Work instruction:
Would you copy exactly the lines in the data below from the one that has "Der Kaktus mammillaria" through the one that has "Oxbow Enriched Life", dropping any pictures?

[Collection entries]
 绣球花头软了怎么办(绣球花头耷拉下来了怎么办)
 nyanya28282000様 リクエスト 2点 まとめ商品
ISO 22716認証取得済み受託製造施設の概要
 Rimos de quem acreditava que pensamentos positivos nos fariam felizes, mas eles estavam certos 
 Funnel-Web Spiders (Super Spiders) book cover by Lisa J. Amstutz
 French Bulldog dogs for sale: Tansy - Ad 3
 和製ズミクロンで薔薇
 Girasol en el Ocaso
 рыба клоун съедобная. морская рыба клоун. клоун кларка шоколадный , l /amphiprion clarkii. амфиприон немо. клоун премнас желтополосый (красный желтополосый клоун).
==
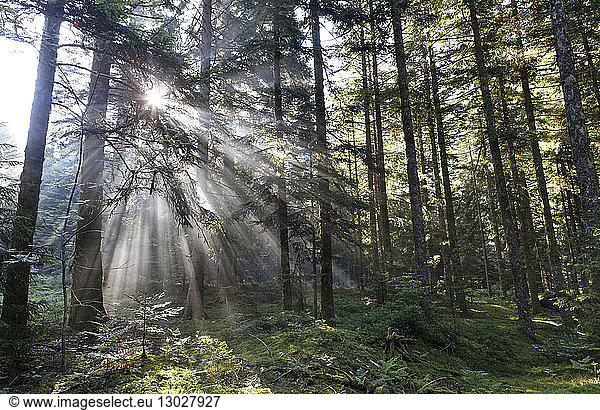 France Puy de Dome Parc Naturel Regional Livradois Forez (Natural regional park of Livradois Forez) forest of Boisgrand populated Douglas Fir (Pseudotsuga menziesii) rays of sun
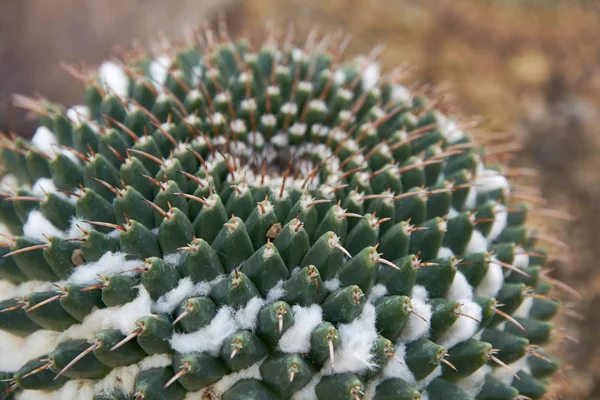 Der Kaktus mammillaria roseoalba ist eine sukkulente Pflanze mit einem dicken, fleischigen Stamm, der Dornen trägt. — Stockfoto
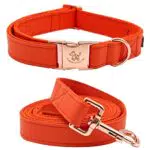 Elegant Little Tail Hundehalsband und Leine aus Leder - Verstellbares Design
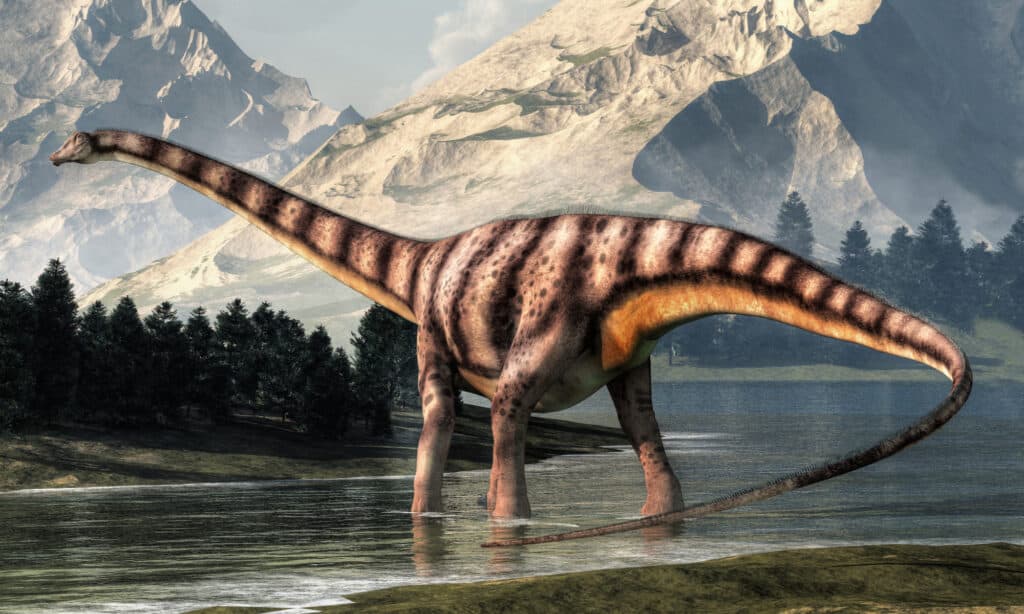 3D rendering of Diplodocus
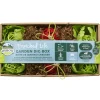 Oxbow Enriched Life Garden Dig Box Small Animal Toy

Solution to the exercise:
 Der Kaktus mammillaria roseoalba ist eine sukkulente Pflanze mit einem dicken, fleischigen Stamm, der Dornen trägt. — Stockfoto
 Elegant Little Tail Hundehalsband und Leine aus Leder - Verstellbares Design
 3D rendering of Diplodocus
 Oxbow Enriched Life Garden Dig Box Small Animal Toy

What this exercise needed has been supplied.